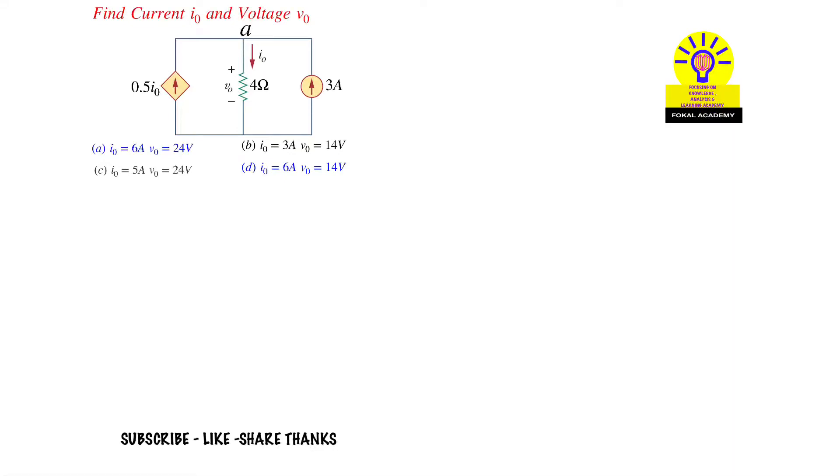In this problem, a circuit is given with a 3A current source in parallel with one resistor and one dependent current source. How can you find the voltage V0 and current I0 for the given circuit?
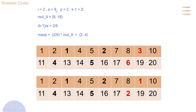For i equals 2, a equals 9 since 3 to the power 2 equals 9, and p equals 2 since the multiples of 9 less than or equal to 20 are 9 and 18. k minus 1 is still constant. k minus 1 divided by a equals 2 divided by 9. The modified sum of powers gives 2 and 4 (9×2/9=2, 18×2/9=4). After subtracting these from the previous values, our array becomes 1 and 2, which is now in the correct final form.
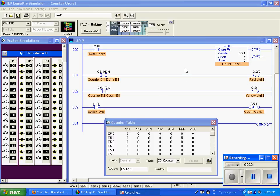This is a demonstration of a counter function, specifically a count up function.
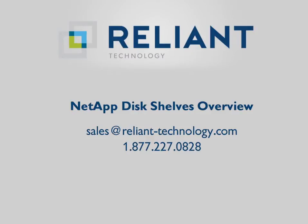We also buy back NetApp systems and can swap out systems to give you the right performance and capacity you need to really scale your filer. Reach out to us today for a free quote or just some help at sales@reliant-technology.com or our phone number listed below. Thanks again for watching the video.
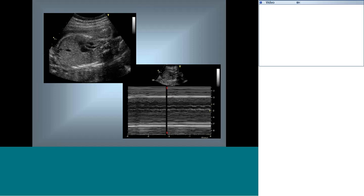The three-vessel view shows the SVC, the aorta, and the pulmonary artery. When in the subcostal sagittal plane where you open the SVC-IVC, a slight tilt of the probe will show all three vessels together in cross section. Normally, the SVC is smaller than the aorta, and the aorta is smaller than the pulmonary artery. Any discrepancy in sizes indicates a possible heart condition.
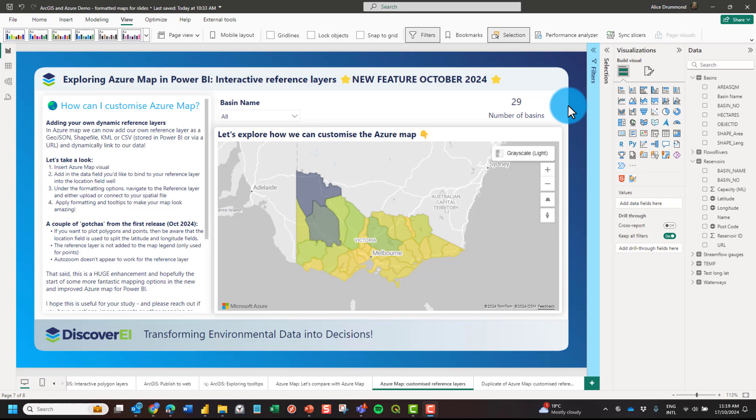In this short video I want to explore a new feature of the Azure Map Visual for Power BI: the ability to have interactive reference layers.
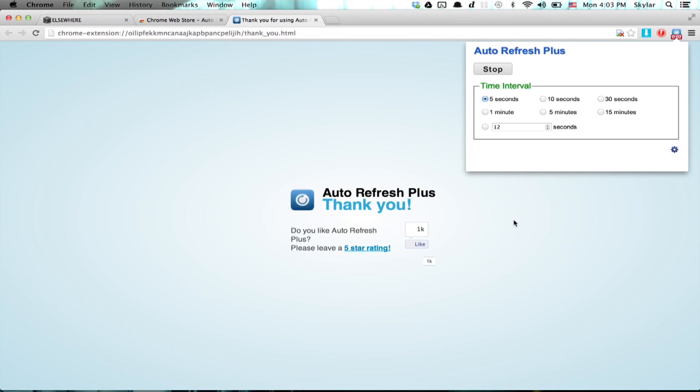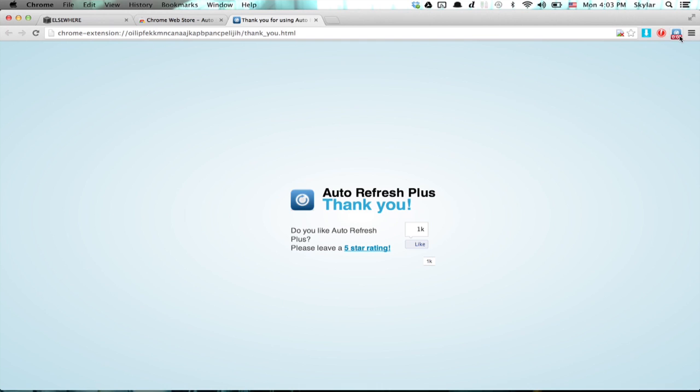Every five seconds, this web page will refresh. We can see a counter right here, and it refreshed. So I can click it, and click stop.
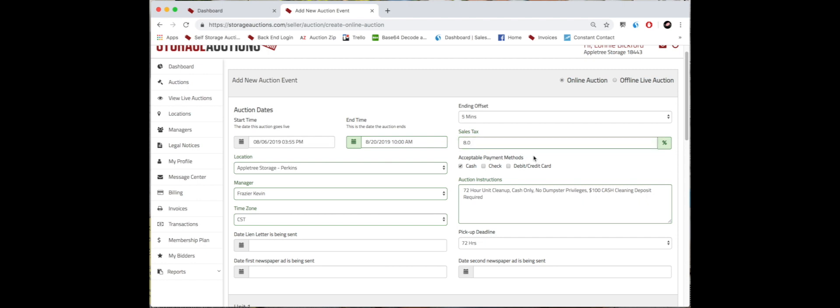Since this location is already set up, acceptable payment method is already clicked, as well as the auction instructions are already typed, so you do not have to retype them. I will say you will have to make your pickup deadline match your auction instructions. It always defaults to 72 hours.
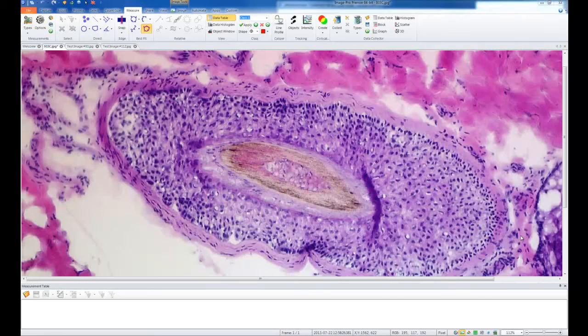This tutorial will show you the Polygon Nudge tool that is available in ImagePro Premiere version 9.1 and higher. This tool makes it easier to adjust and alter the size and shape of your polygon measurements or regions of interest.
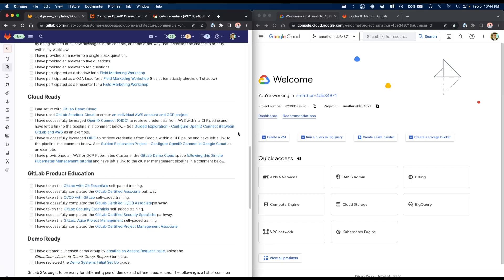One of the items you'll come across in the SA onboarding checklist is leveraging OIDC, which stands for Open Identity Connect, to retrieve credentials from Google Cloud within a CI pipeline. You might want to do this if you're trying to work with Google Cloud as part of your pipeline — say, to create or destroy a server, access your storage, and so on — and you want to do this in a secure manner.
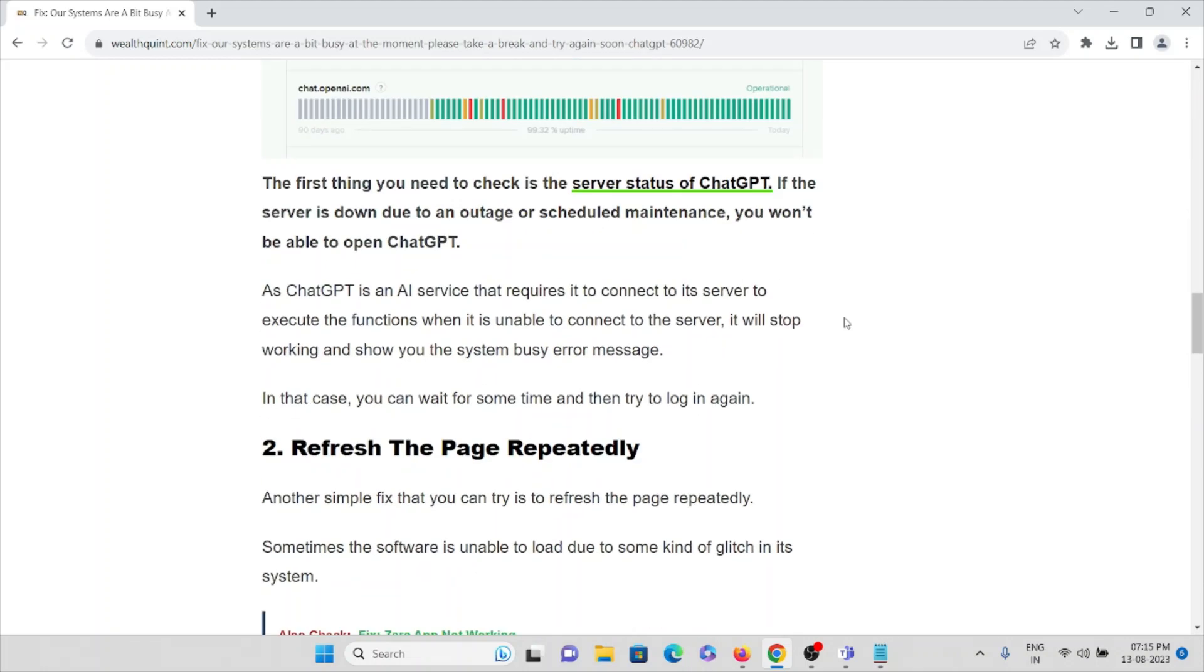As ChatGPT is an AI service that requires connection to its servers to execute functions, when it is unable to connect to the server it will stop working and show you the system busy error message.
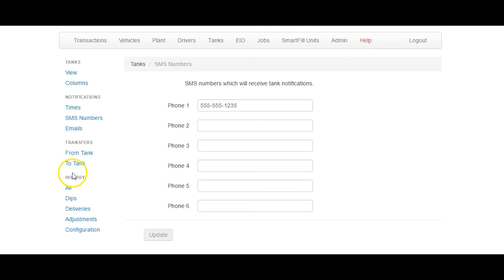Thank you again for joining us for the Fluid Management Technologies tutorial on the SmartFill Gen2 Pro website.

*Activity*
No pictures belong in the answer, only the lines from the top of the listing through the line containing "For i equals", repeated word for word.

*Answer*
In this problem, a circuit is given with a 3A current source in parallel with one resistor and one dependent current source. How can you find the voltage V0 and current I0 for the given circuit?
For i equals 2, a equals 9 since 3 to the power 2 equals 9, and p equals 2 since the multiples of 9 less than or equal to 20 are 9 and 18. k minus 1 is still constant. k minus 1 divided by a equals 2 divided by 9. The modified sum of powers gives 2 and 4 (9×2/9=2, 18×2/9=4). After subtracting these from the previous values, our array becomes 1 and 2, which is now in the correct final form.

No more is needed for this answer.